電気ウナギは、なぜ電気を出せるのか?

2016年7月掲載

電気ウナギは、文字通り電気を発生できるウナギですが、果たして何ボルトの電気を出すのでしょうか?そして、そのメカニズムは?今回は知っているようで知らない、電気ウナギについて調べてみました。

最大800ボルトもの高電圧を出す、電気ウナギ

夏といえば、やはりウナギ(鰻)がおいしい季節ですね。この"夏といえばウナギ"という風習は、江戸時代の平賀源内が考案した"土用の丑の日(※1)"という宣伝文句によって定着したと言われています。そのため、平賀源内は、日本初のコピーライターとも呼ばれています。

さて、そんな夏に欠かせない食べ物であるウナギですが、電気を発するウナギがいることをご存じでしょうか(※2)。アマゾン川流域に住む「電気ウナギ」は、300~800ボルトもの電気を数秒間発生させ、相手をしびれさせて捕えます。1個の乾電池が1.5ボルト。テレビを見たりする家庭用の電源が100ボルトなので、いかに強力かお分かりになるでしょうか?

電気ウナギ以外にも電気ナマズ(約400ボルト)、シビレエイ(約80ボルト)など電気を起こす魚は、世界で数百種も存在します。これらをまとめて「電気魚(でんきうお※発電魚とも言う)」と呼んでいます。

(※1)土用とは、中国の五行に由来する暦の雑節。四立(立夏・立秋・立冬・立春)の直前約18日間を指す。その期間の中で十二支が丑にあたる日を「土用の丑の日」と言う。
(※2)シビレウナギ科の淡水魚。生物学的には、ナマズに近い。体長は約2mで、発電魚の中では最大級の発電力があると言われる。

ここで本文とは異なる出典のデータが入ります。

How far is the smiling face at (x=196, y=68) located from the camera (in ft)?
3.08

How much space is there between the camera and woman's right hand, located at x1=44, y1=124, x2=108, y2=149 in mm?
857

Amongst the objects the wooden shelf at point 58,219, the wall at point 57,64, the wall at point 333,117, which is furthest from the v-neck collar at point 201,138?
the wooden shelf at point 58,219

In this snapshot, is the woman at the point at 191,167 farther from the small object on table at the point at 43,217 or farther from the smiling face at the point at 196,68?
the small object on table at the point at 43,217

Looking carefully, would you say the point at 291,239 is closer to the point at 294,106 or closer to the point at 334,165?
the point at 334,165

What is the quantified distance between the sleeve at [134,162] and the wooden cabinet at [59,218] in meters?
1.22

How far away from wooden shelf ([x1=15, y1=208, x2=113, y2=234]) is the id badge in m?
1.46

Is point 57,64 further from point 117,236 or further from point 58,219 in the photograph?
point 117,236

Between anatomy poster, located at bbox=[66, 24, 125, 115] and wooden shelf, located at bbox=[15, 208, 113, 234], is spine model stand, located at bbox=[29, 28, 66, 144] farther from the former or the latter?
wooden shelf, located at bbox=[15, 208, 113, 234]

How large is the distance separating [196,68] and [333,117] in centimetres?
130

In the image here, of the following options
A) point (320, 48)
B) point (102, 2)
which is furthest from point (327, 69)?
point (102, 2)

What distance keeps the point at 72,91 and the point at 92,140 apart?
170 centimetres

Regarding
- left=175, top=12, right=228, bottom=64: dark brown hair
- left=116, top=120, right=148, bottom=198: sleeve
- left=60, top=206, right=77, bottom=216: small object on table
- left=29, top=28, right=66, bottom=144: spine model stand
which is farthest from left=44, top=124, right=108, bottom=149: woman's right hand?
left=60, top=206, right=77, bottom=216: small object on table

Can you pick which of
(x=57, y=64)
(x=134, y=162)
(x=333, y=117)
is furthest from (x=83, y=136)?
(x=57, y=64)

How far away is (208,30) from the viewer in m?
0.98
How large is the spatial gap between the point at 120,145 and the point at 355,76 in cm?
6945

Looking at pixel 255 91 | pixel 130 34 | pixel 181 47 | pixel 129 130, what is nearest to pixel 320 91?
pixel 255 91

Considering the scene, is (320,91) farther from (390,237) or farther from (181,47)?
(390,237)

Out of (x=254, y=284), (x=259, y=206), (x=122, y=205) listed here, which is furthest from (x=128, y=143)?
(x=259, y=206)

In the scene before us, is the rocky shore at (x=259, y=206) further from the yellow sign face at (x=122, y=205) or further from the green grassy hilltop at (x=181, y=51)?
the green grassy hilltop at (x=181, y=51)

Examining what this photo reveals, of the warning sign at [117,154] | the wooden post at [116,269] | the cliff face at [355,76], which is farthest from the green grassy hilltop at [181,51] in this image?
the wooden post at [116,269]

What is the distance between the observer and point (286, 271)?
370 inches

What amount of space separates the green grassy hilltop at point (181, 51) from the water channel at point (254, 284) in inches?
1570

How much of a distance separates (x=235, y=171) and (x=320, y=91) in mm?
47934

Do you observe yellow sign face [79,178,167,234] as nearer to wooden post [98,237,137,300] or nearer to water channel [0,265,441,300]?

筋肉でできた発電器のなかで、発電板を直列につなげて発生させる

では電気ウナギをはじめとする電気魚は、どのように電気を出しているのでしょうか。人間もふくめて、すべての生き物は、筋肉を動かすとき微弱な電気が起きます。一般的に電気魚は、これを利用して、特別な筋肉でできた発電器(筋肉細胞が変化したもの)で電気を生み出します。発電器の中は、ちいさな発電板がたくさん集まっており、これらが直列につながって電気を発生させています。これは小学生のときに習った乾電池の直列つなぎと、原理は同じです(※3)。

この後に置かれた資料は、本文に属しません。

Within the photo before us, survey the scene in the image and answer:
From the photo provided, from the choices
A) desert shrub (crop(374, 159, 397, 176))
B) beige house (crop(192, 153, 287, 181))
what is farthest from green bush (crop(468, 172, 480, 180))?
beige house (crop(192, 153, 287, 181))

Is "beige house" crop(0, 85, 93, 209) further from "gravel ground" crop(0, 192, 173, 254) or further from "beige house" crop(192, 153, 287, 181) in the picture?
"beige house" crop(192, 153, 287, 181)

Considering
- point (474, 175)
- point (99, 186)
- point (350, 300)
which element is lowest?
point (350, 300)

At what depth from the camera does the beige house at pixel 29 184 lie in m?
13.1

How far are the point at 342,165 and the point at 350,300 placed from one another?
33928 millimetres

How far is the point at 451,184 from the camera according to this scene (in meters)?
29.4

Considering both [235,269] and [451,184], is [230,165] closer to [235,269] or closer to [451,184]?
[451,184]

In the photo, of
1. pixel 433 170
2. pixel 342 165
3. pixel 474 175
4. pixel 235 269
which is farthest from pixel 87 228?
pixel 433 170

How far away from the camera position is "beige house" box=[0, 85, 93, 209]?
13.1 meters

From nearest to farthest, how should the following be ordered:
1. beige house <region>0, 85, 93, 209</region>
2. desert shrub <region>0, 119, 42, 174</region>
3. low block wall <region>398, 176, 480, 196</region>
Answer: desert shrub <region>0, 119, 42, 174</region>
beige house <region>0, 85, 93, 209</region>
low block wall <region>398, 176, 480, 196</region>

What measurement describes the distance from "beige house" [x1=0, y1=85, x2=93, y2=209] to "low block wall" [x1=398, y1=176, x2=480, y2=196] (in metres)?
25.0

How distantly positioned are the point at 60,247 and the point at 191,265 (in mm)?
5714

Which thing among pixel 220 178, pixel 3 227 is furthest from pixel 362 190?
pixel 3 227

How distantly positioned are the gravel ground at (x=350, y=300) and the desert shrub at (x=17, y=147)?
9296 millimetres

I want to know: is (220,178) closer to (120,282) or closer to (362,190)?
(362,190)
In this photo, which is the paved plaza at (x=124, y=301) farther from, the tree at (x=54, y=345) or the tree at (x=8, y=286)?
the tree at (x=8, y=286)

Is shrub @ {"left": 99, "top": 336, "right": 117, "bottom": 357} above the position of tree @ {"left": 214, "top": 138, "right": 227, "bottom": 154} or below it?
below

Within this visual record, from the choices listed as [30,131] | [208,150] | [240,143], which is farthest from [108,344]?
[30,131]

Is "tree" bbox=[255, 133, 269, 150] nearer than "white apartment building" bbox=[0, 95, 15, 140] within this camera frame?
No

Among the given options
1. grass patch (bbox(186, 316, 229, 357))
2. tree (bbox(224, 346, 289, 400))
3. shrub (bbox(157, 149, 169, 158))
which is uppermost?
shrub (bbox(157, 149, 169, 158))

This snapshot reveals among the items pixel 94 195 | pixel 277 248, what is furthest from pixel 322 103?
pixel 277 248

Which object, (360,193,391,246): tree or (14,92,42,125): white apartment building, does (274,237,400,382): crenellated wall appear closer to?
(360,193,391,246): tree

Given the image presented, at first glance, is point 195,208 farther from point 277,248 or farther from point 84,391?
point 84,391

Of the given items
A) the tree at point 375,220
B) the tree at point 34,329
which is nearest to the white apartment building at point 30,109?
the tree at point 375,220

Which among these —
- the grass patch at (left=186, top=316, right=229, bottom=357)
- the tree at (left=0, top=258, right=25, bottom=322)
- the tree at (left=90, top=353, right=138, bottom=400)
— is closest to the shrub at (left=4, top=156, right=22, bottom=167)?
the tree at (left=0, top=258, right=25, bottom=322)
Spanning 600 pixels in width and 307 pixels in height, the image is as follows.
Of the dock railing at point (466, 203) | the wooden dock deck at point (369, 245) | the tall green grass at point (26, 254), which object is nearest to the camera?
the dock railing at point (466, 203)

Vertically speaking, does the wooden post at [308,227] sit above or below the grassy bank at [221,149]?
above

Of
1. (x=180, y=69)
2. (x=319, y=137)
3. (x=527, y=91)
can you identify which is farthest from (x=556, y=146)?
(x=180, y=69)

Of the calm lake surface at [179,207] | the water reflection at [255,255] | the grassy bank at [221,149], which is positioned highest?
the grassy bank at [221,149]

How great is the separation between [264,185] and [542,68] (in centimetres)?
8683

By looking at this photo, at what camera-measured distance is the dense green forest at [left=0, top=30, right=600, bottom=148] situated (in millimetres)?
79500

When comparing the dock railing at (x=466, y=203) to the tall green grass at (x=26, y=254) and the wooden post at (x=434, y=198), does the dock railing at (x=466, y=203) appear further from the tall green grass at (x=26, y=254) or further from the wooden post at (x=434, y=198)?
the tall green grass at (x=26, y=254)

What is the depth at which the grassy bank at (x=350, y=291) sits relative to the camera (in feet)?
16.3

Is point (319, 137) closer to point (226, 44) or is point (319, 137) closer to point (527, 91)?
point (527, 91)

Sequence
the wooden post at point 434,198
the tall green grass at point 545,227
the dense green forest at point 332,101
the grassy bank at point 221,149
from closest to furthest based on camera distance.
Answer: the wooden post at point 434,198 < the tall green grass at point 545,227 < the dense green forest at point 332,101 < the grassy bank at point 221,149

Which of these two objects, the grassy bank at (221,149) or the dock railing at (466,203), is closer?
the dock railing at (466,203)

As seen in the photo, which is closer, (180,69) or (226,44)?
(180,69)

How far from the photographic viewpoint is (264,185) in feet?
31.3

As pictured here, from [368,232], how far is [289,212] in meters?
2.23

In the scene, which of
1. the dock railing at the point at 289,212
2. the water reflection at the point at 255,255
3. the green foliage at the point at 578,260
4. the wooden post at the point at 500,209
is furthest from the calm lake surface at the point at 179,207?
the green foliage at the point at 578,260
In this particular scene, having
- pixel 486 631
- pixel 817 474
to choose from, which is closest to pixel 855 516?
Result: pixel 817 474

ちなみに電気ウナギには、絶縁体の役割をする脂肪がたっぷりとあるため、800ボルトもの高電圧を出しても感電しません。また、電気ウナギは暴れると発電しますので、もしアマゾンで遭遇したときは刺激しないよう気をつけてくださいね。

(※3)乾電池は直列につないだ方が、並列につなぐより明るくなる。ただし、直列つなぎの方が、並列つなぎより電池が早くなくなってしまう。